Stored dataset items

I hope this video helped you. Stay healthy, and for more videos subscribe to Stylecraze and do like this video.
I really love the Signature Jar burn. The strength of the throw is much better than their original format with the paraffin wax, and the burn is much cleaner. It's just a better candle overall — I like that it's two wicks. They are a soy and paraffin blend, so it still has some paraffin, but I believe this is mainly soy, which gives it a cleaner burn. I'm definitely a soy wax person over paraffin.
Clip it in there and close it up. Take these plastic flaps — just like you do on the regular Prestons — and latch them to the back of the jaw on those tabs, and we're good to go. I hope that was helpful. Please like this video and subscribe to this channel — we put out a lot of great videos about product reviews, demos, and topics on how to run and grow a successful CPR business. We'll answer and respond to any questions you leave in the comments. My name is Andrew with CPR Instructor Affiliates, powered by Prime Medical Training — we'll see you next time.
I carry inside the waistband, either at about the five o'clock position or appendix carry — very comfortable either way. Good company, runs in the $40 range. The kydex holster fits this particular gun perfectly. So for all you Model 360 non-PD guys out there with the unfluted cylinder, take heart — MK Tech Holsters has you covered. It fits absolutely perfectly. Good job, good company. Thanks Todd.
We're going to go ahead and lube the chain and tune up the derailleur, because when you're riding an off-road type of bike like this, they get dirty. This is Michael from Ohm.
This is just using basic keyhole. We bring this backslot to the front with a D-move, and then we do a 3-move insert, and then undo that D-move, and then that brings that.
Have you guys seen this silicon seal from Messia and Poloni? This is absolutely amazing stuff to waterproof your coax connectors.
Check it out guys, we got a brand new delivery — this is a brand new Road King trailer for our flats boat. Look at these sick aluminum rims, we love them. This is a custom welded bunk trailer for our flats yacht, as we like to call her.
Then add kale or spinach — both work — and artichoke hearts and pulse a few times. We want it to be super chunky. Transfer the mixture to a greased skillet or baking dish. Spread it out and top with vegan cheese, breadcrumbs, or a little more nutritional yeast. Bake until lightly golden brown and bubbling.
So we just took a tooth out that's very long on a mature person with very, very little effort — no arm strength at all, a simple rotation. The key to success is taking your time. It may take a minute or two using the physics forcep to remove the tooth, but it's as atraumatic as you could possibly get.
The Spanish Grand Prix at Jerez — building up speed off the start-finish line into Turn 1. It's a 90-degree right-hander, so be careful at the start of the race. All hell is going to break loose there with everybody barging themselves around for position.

# What is expected
Every entry must be set down exactly, with nothing left out.

# Solution to this problem
I hope this video helped you. Stay healthy, and for more videos subscribe to Stylecraze and do like this video.
I really love the Signature Jar burn. The strength of the throw is much better than their original format with the paraffin wax, and the burn is much cleaner. It's just a better candle overall — I like that it's two wicks. They are a soy and paraffin blend, so it still has some paraffin, but I believe this is mainly soy, which gives it a cleaner burn. I'm definitely a soy wax person over paraffin.
Clip it in there and close it up. Take these plastic flaps — just like you do on the regular Prestons — and latch them to the back of the jaw on those tabs, and we're good to go. I hope that was helpful. Please like this video and subscribe to this channel — we put out a lot of great videos about product reviews, demos, and topics on how to run and grow a successful CPR business. We'll answer and respond to any questions you leave in the comments. My name is Andrew with CPR Instructor Affiliates, powered by Prime Medical Training — we'll see you next time.
I carry inside the waistband, either at about the five o'clock position or appendix carry — very comfortable either way. Good company, runs in the $40 range. The kydex holster fits this particular gun perfectly. So for all you Model 360 non-PD guys out there with the unfluted cylinder, take heart — MK Tech Holsters has you covered. It fits absolutely perfectly. Good job, good company. Thanks Todd.
We're going to go ahead and lube the chain and tune up the derailleur, because when you're riding an off-road type of bike like this, they get dirty. This is Michael from Ohm.
This is just using basic keyhole. We bring this backslot to the front with a D-move, and then we do a 3-move insert, and then undo that D-move, and then that brings that.
Have you guys seen this silicon seal from Messia and Poloni? This is absolutely amazing stuff to waterproof your coax connectors.
Check it out guys, we got a brand new delivery — this is a brand new Road King trailer for our flats boat. Look at these sick aluminum rims, we love them. This is a custom welded bunk trailer for our flats yacht, as we like to call her.
Then add kale or spinach — both work — and artichoke hearts and pulse a few times. We want it to be super chunky. Transfer the mixture to a greased skillet or baking dish. Spread it out and top with vegan cheese, breadcrumbs, or a little more nutritional yeast. Bake until lightly golden brown and bubbling.
So we just took a tooth out that's very long on a mature person with very, very little effort — no arm strength at all, a simple rotation. The key to success is taking your time. It may take a minute or two using the physics forcep to remove the tooth, but it's as atraumatic as you could possibly get.
The Spanish Grand Prix at Jerez — building up speed off the start-finish line into Turn 1. It's a 90-degree right-hander, so be careful at the start of the race. All hell is going to break loose there with everybody barging themselves around for position.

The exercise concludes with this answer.